De Bredeweg is in mijn herinnering langer dan de Hogeweg, er stonden minder bomen dan op de Hogeweg. De Bredeweg liep: “aan de ene kant omhoog op een dijk die een kanaal afsloot, een bewijs dat hier vroeger water stond. Aan de hoge gedeelte van de straat stonden mooie huizen, sommige zager er rijk uit met een brede ingang, een gebeeldhouwde deur, een glimmend gepoetste koperen bel en misschien zelfs een auto met chauffeur, wat in die dagen een zeldzaamheid was. Als we daar voor die huizen speelden, kwam er een dienstmeisje in uniform ons wegjagen. Beneden in de straat waren de huizen veel eenvoudiger, met drie of vier verdiepingen.
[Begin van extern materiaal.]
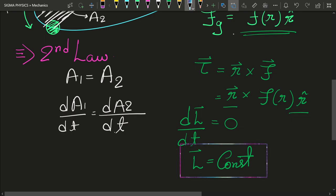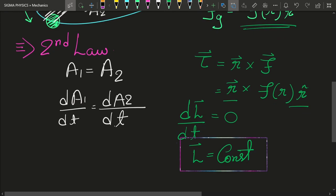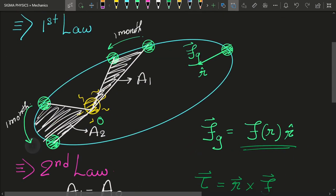A body undergoing central force motion always has constant angular momentum. And if the angular momentum is constant, that means the planet is going to move in the same plane — this orbit has some plane and the planet is always going to remain in it. Because if the plane changes, automatically the angular momentum vector direction is going to change. But we have just proved that the angular momentum direction as well as magnitude remains constant, and hence the planet moves in the same plane of its orbit. Now since we have proved this very important property about central force motion, let us begin the main content and prove Kepler's second law.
Je ging de bovenhuizen in met een nauwe steile trap en volwassenen moesten zich niet alleen vasthouden aan de leuning maar ook nog zichzelf omhoog trekken om hun lichaamsgewicht op te hijsen.”
Beneden onze woning was een taxistandplaats met T-Fordjes. De chauffeurs hadden een uniform met en grote pet. Of het een grote standplaats weet ik niet meer, ik denk dat er hooguit twee of drie taxi’s hebben gestaan. Van onze woning kan ik verder weinig voor de geest halen. Uit die tijd heb ik eigenlijk weinig herinneringen. Wel weet ik nog mijn gang naar de kleuterschool, ik was vijf jaar oud. Ik ging naar de niet-Joodse kleuterschool, mijn zusje Keetje ging naar dezelfde openbare school.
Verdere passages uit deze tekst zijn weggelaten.